Brief descriptive captions
━━━━━━━━━━━━━━━━━━━━━━━━━━━━━━

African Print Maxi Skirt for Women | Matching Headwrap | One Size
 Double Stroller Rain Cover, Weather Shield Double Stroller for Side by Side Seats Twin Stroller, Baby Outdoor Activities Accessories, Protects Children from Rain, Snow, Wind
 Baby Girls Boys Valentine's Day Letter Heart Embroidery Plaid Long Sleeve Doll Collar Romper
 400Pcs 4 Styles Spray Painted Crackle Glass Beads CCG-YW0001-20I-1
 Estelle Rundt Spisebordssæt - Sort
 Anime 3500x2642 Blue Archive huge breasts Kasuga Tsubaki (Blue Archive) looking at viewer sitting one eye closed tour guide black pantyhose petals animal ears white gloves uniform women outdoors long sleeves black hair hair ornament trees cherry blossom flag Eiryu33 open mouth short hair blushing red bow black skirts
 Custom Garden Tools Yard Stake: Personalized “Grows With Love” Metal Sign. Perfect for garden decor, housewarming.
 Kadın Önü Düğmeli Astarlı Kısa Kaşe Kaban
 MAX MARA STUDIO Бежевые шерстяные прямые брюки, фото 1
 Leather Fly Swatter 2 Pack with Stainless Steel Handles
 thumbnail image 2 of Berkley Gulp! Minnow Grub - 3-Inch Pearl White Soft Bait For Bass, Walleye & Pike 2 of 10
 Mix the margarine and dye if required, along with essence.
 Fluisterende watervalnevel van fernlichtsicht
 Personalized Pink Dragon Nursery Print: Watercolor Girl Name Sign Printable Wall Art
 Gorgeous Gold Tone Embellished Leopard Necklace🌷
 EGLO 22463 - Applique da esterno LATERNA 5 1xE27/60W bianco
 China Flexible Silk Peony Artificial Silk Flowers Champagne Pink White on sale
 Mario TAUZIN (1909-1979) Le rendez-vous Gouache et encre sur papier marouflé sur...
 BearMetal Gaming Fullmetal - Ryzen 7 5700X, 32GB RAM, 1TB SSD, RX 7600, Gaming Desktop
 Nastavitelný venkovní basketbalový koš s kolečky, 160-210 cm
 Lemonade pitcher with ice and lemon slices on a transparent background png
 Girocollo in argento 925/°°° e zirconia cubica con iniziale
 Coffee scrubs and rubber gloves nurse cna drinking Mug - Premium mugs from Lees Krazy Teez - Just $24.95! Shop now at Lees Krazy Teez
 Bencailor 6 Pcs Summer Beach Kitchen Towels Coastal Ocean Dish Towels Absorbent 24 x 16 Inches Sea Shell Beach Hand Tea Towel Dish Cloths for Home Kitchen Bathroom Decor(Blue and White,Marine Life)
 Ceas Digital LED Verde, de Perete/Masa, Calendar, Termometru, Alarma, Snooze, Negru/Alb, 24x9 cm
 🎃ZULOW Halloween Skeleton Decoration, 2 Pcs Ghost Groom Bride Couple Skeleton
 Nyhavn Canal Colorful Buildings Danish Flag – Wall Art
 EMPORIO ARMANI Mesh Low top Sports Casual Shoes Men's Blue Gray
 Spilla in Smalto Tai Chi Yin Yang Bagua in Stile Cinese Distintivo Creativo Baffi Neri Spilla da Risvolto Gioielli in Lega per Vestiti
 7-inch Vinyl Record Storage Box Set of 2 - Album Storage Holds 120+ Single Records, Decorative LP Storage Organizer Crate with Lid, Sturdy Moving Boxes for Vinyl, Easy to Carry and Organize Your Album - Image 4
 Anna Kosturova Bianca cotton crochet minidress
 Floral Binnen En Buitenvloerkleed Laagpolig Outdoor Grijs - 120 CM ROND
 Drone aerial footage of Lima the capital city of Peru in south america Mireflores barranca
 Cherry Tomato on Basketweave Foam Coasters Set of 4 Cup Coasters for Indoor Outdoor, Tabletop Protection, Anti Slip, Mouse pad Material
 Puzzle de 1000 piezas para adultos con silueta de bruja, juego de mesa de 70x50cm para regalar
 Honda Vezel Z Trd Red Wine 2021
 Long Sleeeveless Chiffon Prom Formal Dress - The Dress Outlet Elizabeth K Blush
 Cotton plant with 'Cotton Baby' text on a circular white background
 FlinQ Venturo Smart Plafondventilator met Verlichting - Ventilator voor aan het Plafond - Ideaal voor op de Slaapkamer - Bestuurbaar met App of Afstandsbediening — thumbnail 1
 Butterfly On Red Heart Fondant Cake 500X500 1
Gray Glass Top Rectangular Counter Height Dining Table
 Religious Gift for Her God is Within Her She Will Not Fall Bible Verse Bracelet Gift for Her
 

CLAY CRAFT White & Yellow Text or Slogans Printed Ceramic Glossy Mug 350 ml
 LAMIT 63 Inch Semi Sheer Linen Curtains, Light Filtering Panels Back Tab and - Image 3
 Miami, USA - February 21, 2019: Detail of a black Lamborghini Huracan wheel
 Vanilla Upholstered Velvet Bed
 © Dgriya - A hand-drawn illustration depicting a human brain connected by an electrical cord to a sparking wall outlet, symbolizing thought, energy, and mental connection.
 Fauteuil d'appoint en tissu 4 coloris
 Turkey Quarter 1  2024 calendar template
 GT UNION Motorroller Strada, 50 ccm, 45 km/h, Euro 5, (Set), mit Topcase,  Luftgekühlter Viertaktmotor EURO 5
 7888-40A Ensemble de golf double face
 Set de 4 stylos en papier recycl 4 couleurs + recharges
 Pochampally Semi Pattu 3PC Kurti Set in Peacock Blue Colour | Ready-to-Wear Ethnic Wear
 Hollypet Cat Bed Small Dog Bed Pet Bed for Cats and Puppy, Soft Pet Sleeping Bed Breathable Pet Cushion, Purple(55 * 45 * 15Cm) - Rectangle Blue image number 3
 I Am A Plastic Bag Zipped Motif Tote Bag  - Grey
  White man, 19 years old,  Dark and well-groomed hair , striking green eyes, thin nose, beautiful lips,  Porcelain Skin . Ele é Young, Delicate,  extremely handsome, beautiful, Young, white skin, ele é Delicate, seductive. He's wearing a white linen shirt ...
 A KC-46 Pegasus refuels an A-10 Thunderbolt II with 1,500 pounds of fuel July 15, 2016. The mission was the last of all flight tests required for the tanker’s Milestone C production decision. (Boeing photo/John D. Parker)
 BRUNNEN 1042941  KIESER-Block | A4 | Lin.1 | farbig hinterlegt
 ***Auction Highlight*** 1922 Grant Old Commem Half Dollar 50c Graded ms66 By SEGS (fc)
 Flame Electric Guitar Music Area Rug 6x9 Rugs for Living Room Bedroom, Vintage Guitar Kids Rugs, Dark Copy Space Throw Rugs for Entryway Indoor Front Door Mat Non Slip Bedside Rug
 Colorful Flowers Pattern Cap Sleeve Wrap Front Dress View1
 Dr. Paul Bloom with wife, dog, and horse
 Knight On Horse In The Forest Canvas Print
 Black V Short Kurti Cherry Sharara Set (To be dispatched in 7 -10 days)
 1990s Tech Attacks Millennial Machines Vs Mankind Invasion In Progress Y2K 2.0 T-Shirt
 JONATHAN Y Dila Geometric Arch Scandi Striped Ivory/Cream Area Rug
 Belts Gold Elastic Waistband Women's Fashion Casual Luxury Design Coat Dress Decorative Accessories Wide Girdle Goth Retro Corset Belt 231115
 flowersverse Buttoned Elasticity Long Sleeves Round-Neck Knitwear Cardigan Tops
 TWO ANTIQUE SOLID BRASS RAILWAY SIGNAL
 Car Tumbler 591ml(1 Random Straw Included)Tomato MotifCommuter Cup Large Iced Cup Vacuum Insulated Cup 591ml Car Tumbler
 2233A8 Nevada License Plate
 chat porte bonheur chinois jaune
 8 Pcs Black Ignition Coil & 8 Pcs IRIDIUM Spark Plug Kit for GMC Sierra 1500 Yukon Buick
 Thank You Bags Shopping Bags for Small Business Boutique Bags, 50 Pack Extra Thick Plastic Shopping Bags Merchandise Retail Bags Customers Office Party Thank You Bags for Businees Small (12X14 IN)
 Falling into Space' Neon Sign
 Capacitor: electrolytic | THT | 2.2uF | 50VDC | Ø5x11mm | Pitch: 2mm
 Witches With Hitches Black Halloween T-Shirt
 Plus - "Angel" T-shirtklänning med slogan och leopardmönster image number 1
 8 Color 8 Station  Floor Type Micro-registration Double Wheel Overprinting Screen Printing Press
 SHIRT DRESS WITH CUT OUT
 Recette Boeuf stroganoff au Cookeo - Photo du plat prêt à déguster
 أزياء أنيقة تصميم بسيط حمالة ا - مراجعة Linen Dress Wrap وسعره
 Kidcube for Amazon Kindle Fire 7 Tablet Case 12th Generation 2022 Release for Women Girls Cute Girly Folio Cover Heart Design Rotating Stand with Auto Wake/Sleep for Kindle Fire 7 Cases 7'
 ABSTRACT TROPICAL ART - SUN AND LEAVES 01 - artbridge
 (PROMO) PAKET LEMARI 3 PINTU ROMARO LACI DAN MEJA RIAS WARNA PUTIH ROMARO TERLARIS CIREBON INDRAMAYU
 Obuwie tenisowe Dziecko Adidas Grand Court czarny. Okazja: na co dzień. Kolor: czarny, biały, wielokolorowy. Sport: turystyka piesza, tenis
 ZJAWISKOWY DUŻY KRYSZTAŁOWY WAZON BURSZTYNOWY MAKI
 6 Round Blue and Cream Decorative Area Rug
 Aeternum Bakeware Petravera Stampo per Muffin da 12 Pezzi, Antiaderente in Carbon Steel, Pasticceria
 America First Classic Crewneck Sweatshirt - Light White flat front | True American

━━━━━━━━━━━━━━━━━━━━━━━━━━━━━━

REQUIRED ACTION: What is needed is an exact copy of the lines above, from the one containing "TWO ANTIQUE SOLID BRASS RAILWAY SIGNAL" through the one containing "Falling into Space' Neon Sign", with nothing added.

EXERCISE OUTPUT:
 TWO ANTIQUE SOLID BRASS RAILWAY SIGNAL
 Car Tumbler 591ml(1 Random Straw Included)Tomato MotifCommuter Cup Large Iced Cup Vacuum Insulated Cup 591ml Car Tumbler
 2233A8 Nevada License Plate
 chat porte bonheur chinois jaune
 8 Pcs Black Ignition Coil & 8 Pcs IRIDIUM Spark Plug Kit for GMC Sierra 1500 Yukon Buick
 Thank You Bags Shopping Bags for Small Business Boutique Bags, 50 Pack Extra Thick Plastic Shopping Bags Merchandise Retail Bags Customers Office Party Thank You Bags for Businees Small (12X14 IN)
 Falling into Space' Neon Sign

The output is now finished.